--- Collected data ---

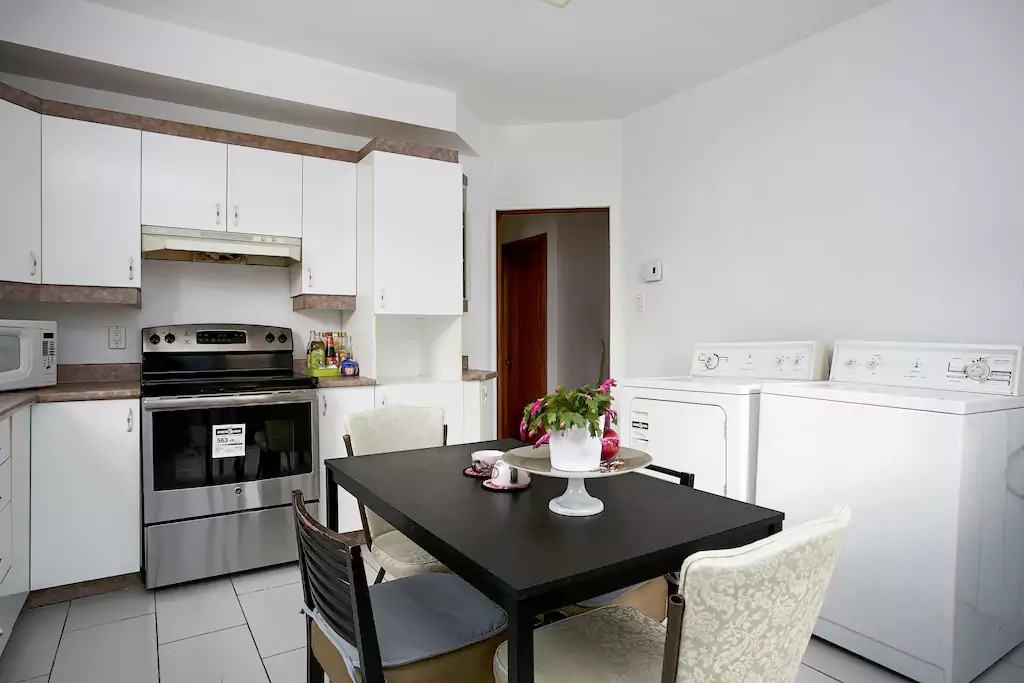 2392 Rue du Parc Garneau - Photo 2 of 4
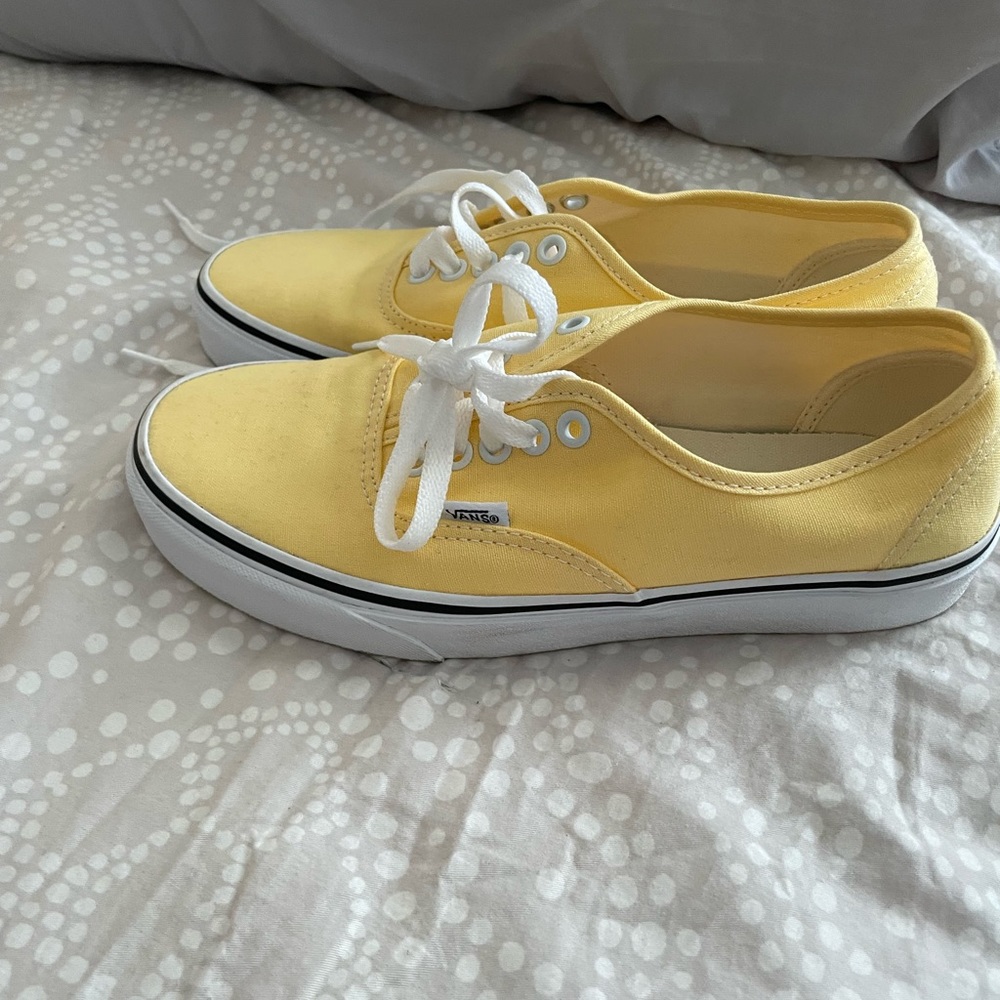 Vans Authentic in Pastel Yellow. Size 8 Women: 6.5 Mens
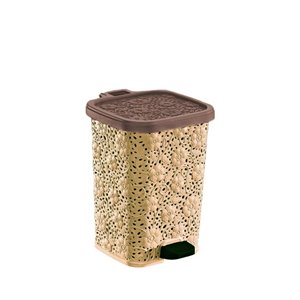 Superio Trash Can - Step Lid - 10.5-in - 6-L - Brown and Beige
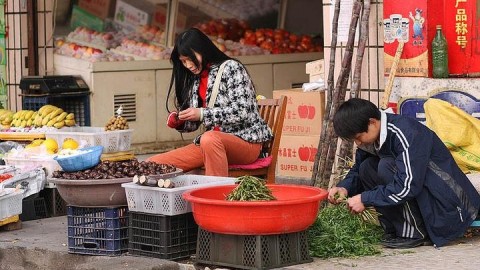 蚌埠做生意快把人熬死了？别慌，咱们聊聊这个“AI获客”的新路子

---

- [Task]:
Without the pictures, repeat the line with "Superio Trash Can" and every line after it to the end of the listing, and nothing else.

- [Result]:
 Superio Trash Can - Step Lid - 10.5-in - 6-L - Brown and Beige
 蚌埠做生意快把人熬死了？别慌，咱们聊聊这个“AI获客”的新路子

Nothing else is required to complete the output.